Record extracts:
━━━━━━

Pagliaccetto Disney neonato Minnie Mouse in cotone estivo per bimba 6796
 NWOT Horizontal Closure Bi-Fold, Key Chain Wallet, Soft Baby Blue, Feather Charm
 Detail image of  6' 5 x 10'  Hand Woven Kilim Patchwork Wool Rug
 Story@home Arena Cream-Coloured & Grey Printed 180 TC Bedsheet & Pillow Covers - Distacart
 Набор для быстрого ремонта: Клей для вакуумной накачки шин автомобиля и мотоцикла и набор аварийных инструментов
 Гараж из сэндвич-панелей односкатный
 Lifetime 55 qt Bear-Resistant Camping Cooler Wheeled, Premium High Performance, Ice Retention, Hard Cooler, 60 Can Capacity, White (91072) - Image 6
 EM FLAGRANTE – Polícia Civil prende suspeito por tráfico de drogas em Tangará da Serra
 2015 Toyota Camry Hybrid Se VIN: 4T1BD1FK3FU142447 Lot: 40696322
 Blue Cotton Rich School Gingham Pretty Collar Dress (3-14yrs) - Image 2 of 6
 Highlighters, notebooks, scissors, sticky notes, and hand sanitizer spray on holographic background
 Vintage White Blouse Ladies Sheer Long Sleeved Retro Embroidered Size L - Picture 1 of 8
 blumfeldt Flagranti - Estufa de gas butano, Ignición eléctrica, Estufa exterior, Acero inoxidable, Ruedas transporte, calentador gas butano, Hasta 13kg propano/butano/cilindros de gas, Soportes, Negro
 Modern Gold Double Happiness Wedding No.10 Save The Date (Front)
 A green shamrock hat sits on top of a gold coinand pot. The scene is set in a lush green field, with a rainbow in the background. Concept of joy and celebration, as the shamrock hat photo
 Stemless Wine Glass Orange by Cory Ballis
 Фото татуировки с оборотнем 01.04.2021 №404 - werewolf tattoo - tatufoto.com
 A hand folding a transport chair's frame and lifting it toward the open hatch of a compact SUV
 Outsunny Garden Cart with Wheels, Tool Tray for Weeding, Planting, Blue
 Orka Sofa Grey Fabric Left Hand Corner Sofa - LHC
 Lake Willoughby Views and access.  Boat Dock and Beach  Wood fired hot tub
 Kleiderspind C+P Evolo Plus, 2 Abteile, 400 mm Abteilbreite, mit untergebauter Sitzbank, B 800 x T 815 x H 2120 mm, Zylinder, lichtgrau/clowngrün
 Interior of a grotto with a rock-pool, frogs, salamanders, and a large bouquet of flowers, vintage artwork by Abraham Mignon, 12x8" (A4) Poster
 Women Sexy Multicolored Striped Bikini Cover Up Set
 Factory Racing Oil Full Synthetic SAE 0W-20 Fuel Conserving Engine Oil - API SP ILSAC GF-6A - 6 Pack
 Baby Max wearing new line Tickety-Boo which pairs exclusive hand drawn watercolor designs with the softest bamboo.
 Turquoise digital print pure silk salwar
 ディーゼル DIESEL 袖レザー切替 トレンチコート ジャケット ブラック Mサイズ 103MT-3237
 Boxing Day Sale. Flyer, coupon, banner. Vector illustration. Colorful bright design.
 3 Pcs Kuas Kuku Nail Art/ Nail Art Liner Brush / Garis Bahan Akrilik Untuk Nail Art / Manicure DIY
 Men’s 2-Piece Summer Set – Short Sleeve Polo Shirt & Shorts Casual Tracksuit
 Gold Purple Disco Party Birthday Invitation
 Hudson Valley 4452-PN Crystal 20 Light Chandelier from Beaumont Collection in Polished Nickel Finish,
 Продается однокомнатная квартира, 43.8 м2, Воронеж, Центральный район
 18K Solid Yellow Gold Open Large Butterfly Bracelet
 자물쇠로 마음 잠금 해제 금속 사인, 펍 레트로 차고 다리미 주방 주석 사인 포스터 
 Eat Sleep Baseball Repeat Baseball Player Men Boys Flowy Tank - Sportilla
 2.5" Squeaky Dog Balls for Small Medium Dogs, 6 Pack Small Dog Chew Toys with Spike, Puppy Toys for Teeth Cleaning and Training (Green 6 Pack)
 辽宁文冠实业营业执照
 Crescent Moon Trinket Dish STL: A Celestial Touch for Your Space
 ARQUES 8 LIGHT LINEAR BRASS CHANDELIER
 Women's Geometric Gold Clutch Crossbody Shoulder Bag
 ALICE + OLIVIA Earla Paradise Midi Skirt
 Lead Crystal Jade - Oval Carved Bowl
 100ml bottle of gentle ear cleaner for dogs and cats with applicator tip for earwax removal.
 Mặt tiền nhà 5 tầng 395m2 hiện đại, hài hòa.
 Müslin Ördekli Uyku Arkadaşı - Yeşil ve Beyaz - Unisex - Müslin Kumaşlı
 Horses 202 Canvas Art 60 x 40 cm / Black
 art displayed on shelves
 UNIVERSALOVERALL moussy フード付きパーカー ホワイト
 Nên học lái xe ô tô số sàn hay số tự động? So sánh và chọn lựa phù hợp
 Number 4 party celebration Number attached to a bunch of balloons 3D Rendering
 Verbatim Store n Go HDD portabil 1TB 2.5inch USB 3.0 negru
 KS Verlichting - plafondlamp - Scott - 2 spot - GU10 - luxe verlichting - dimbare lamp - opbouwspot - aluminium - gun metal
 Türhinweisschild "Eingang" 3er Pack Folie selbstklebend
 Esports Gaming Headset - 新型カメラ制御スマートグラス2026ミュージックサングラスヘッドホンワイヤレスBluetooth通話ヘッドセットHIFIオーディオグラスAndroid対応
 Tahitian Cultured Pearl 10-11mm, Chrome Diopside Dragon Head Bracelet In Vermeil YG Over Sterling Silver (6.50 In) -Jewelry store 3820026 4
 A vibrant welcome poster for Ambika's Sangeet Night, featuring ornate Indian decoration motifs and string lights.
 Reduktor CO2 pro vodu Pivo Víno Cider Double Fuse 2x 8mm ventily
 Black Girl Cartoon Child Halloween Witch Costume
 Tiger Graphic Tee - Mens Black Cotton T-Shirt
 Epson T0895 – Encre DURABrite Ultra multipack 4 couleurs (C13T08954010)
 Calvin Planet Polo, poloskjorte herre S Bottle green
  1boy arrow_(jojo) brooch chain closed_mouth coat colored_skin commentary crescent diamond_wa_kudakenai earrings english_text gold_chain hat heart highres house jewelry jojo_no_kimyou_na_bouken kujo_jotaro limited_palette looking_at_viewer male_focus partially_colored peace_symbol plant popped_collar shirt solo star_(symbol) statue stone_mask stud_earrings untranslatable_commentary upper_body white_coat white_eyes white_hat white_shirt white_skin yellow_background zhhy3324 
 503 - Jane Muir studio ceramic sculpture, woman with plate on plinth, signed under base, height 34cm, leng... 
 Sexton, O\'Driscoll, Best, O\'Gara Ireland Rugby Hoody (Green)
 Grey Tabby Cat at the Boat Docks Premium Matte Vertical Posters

━━━━━━

Instructions to follow:
Start at the first line of the entries above. Set down each line exactly through the one with "Lifetime 55 qt", and stop there.

Task output:
Pagliaccetto Disney neonato Minnie Mouse in cotone estivo per bimba 6796
 NWOT Horizontal Closure Bi-Fold, Key Chain Wallet, Soft Baby Blue, Feather Charm
 Detail image of  6' 5 x 10'  Hand Woven Kilim Patchwork Wool Rug
 Story@home Arena Cream-Coloured & Grey Printed 180 TC Bedsheet & Pillow Covers - Distacart
 Набор для быстрого ремонта: Клей для вакуумной накачки шин автомобиля и мотоцикла и набор аварийных инструментов
 Гараж из сэндвич-панелей односкатный
 Lifetime 55 qt Bear-Resistant Camping Cooler Wheeled, Premium High Performance, Ice Retention, Hard Cooler, 60 Can Capacity, White (91072) - Image 6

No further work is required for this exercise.